Mobilisation du Fonds européen d'ajustement à la mondialisation: licenciements dans les services de restauration en Espagne

2014/2054(BUD)

Le Parlement européen a adopté par 597 voix pour, 74 voix contre et 26 abstentions, une résolution sur la proposition de décision du Parlement européen et du Conseil relative à la mobilisation du Fonds européen d'ajustement à la mondialisation, à hauteur de 960.000 EUR en crédits d'engagement et de paiement afin de venir en aide à l’Espagne confrontée à des licenciements dans le secteur de la restauration.

La résolution rappelle que l'Union a mis en place des instruments législatifs et budgétaires pour apporter une aide complémentaire aux travailleurs subissant les conséquences de modifications majeures de la structure du commerce mondial ou licenciés en raison de la crise économique et financière mondiale, et pour les accompagner dans leurs efforts de réinsertion sur le marché du travail. Sachant que l’Espagne a introduit sa demande en vue d'obtenir une contribution financière du Fonds à la suite de 904 licenciements survenus dans 661 entreprises relevant de la division 56 de la NACE Rév. 2 (restauration), situées en Aragon (ES24), région de niveau NUTS 2, au cours de la période de référence allant du 1er mars au 1er décembre 2013, le Parlement invite les institutions à faire le nécessaire pour accélérer la mobilisation du Fonds à hauteur du montant voulu, constatant par ailleurs avec la Commission, que les conditions fixées à l'article 4, paragraphe 1, point b), du règlement relatif au Fonds étaient remplies. Par conséquent, l'Espagne a droit à une contribution financière au titre du FEM.

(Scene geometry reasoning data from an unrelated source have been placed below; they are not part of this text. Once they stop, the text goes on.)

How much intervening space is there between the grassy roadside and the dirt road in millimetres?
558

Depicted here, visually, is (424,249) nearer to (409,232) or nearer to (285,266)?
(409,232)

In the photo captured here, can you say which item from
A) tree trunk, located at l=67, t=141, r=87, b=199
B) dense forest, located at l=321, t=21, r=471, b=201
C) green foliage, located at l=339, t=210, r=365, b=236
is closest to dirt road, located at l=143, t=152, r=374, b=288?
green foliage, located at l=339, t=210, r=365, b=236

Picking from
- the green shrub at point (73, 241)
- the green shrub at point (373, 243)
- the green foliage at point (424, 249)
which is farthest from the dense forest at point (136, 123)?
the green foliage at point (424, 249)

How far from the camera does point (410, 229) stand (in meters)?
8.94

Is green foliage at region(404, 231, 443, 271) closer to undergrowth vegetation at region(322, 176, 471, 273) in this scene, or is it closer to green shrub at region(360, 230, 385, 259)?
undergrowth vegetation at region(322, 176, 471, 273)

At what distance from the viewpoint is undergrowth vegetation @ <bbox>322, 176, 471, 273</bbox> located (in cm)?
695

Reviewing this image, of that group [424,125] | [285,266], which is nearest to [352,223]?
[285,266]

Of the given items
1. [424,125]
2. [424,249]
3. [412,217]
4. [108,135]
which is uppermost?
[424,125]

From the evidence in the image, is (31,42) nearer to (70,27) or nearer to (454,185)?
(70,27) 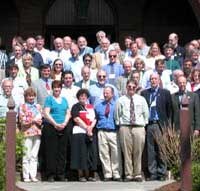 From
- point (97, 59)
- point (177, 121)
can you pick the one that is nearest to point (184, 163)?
point (177, 121)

Nature des licenciements: le Parlement indique que les licenciements concernés sont liés à la crise économique et financière mondiale, la diminution du salaire moyen et la baisse de la consommation des ménages en Espagne ayant entraîné une contraction globale de la demande de services de restauration. Il relève par ailleurs que, sur les 904 bénéficiaires admissibles, 280 seulement, selon les prévisions, devraient participer aux actions proposées, ce qui reste faible. Le Parlement observe par ailleurs que les 904 licenciements ne font qu'aggraver la situation, déjà difficile de l'emploi en Aragon où le taux de chômage a atteint 18,4% en décembre 2013.

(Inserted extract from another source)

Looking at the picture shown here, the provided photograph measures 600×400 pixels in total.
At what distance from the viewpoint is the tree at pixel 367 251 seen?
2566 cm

Il se félicite au passage que les autorités espagnoles, soucieuses d'apporter une aide rapide aux travailleurs, aient décidé de lancer la mise en œuvre des services personnalisés le 21 février 2014.

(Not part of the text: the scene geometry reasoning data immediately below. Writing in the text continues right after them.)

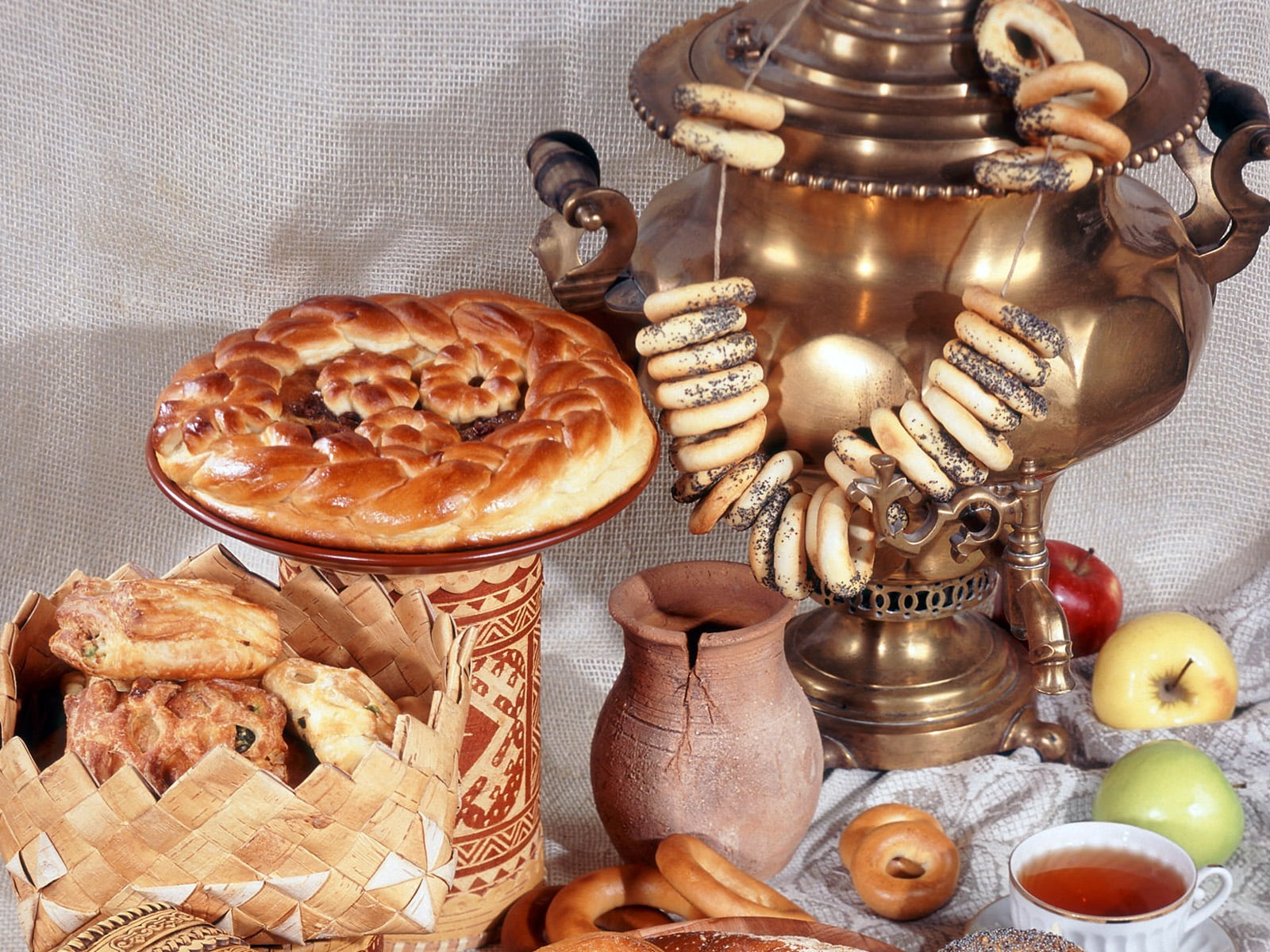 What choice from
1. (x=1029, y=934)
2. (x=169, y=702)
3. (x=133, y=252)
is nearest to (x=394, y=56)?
(x=133, y=252)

Un ensemble de services personnalisés : le Parlement constate que l'ensemble coordonné de services personnalisés qui doit être cofinancé par le Fonds comporte des mesures en faveur des travailleurs licenciés axées sur l'orientation, le conseil et la recherche d'emploi, la formation et la reconversion et la réinsertion professionnelle et l'incitation. Il constate par ailleurs que 20 participants pourraient bénéficier d'une allocation d'incitation à l'emploi de 400 EUR pendant une durée maximale de 3 mois en se mettant à leur compte. Pour le Parlement, cette allocation est trop faible et d'une durée trop brève pour constituer une véritable incitation à s'établir en indépendant.

D’une manière générale, les allocations proposées restent nettement en-deçà du plafond de 35% du total des coûts de l'ensemble coordonné de services personnalisés. Par ailleurs, les autorités espagnoles ont confirmé que les actions admissibles ne bénéficiaient d'aucune aide provenant d'autres instruments financiers de l'Union.

Le Parlement souligne par ailleurs que l'ensemble coordonné de services personnalisés devrait être établi en concertation avec les syndicats de l’Aragón et avec les organisations patronales.

Nouveau FEM : le Parlement se félicite de la procédure améliorée mise en place par la Commission à la suite de sa demande d'accélérer le déblocage des subventions. Il rappelle qu’en vertu de l'article 9 du règlement relatif au FEM, il convient de veiller à ce que l'aide du FEM soit limitée au minimum nécessaire pour apporter solidarité et soutien temporaire et ponctuel aux bénéficiaires visés et qu'elle ne doit pas se substituer aux actions relevant de la responsabilité des entreprises en vertu du droit national ou de conventions collectives.

Le Parlement rappelle enfin qu’il faut mieux faire connaître la contribution du FEM et mieux mettre en évidence le rôle qu'y joue l'Union européenne.